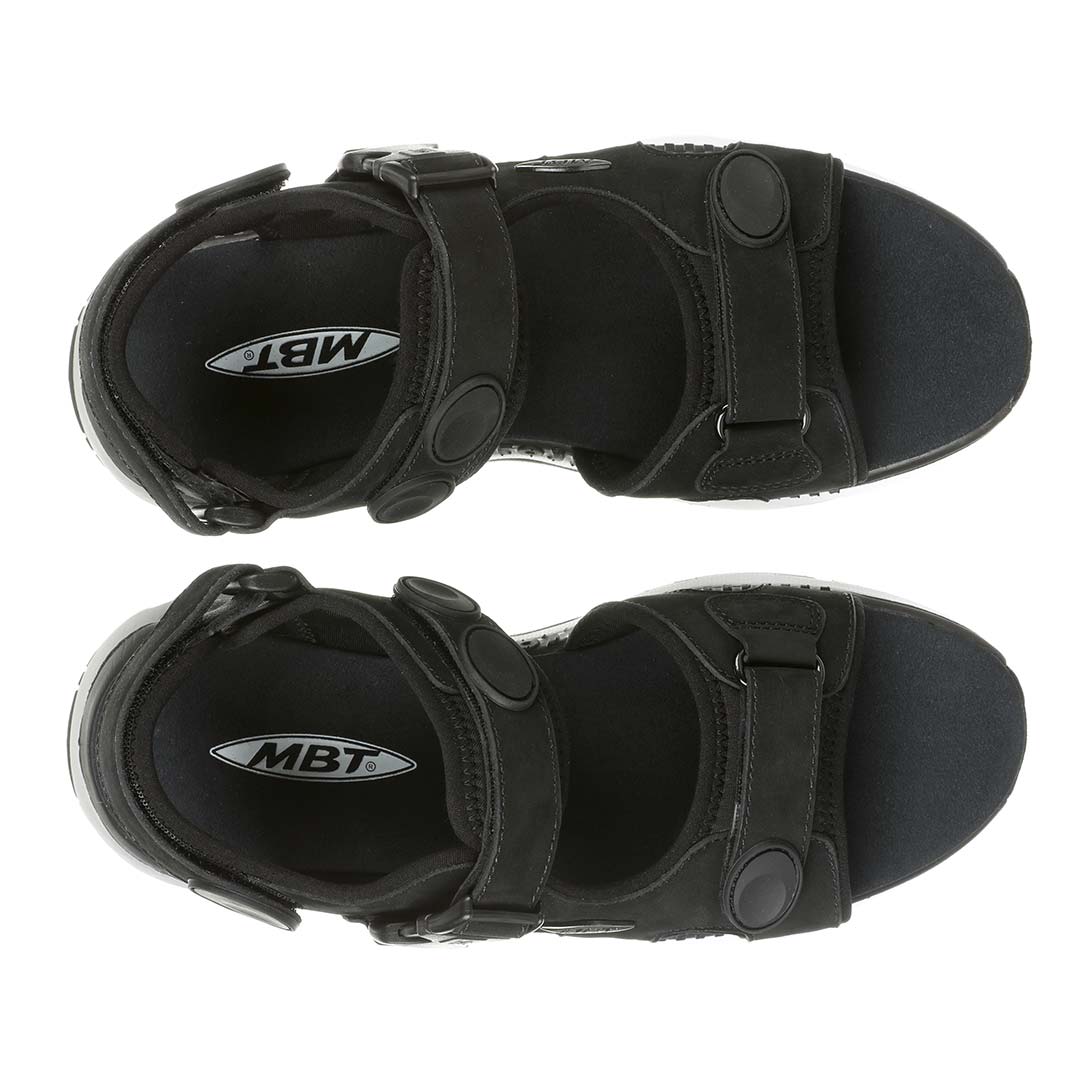 MBT MTR Black Sandal Dam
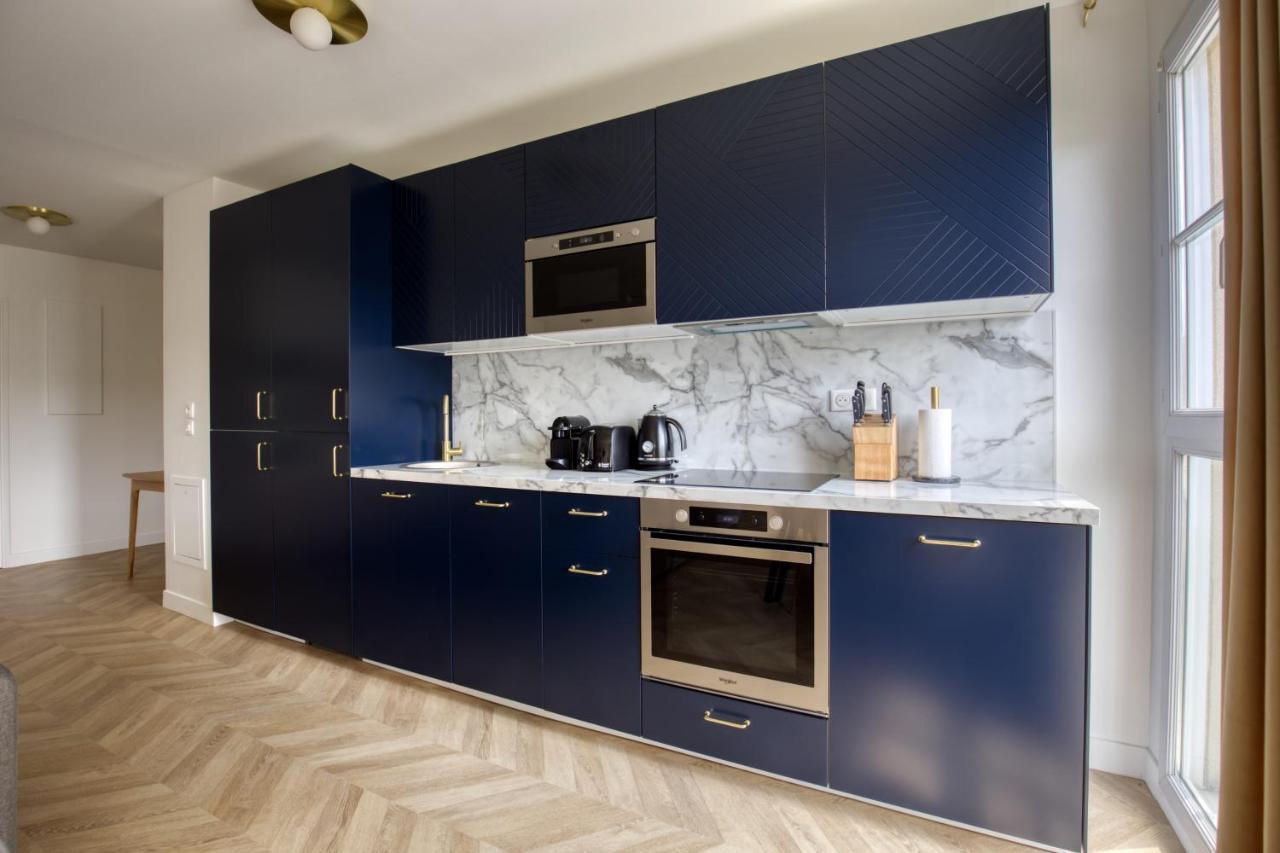 Suite Imperiale, Disneyland Paris, 6 Personnes 谢西 外观 照片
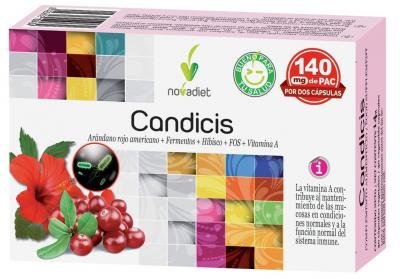 Candicis noVadiet 30 cápsulas Envío gratuito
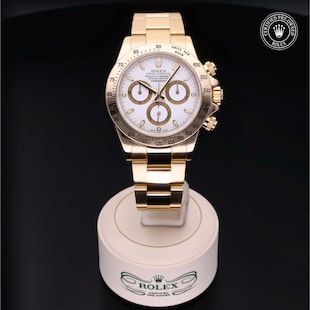 Rolex Certified Pre-Owned Cosmograph Daytona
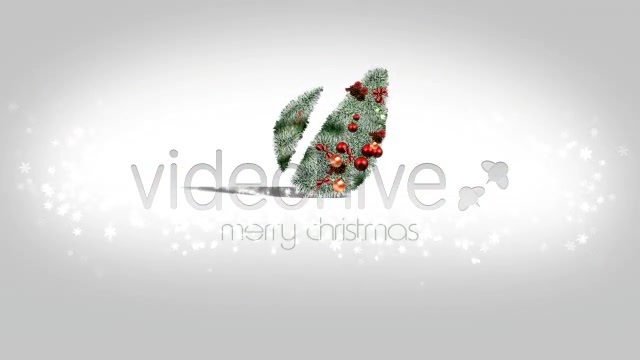 Christmas Logo - Download Videohive 3607508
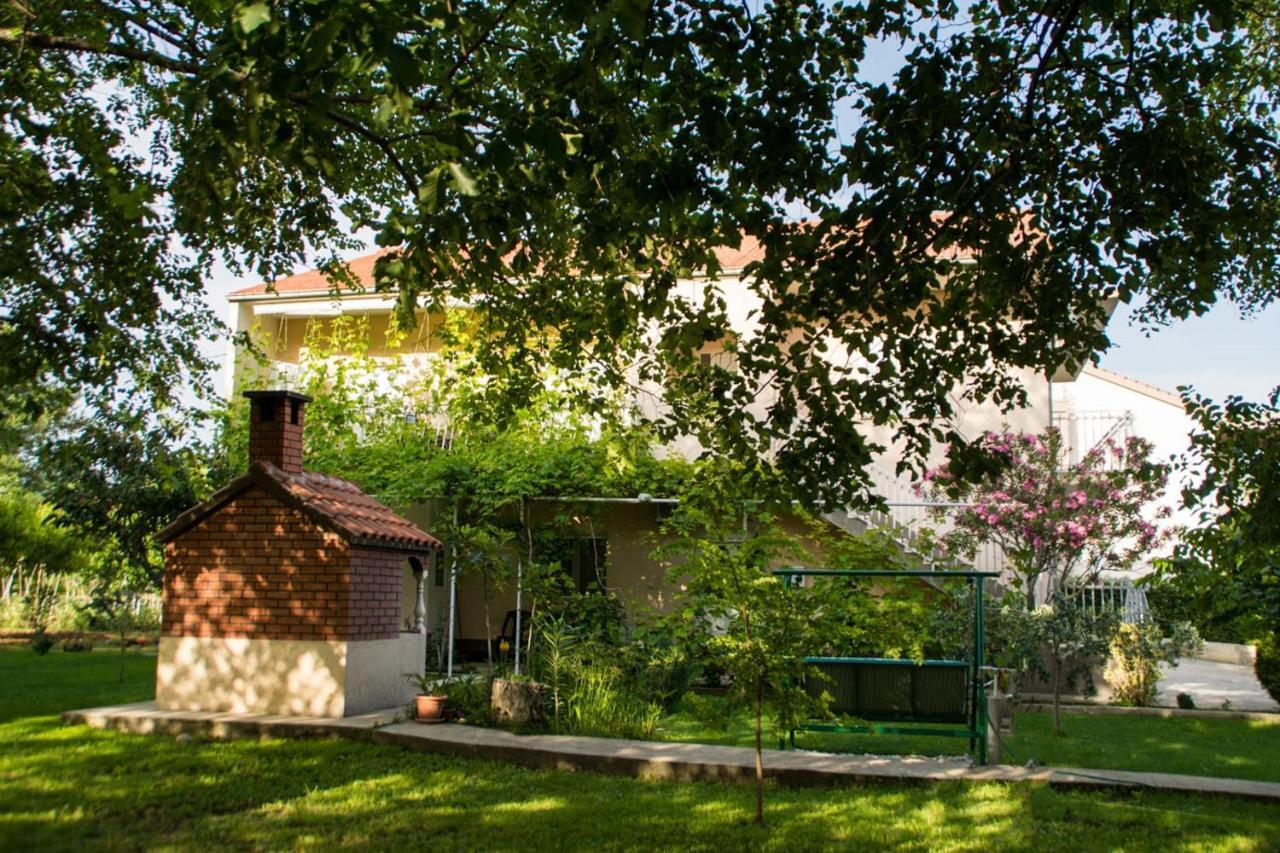 Apartament Apartman Sun Solin Zewnętrze zdjęcie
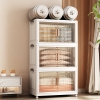 Tủ Đựng Đồ Gấp Gọn 2 Cánh - Tiện Lợi, Sang Trọng, Tiết Kiệm Không Gian!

» **Problem requirements**
Print out every entry above without changing a word, and leave out the pictures.

» **Task result**
 MBT MTR Black Sandal Dam
 Suite Imperiale, Disneyland Paris, 6 Personnes 谢西 外观 照片
 Candicis noVadiet 30 cápsulas Envío gratuito
 Rolex Certified Pre-Owned Cosmograph Daytona
 Christmas Logo - Download Videohive 3607508
 Apartament Apartman Sun Solin Zewnętrze zdjęcie
 Tủ Đựng Đồ Gấp Gọn 2 Cánh - Tiện Lợi, Sang Trọng, Tiết Kiệm Không Gian!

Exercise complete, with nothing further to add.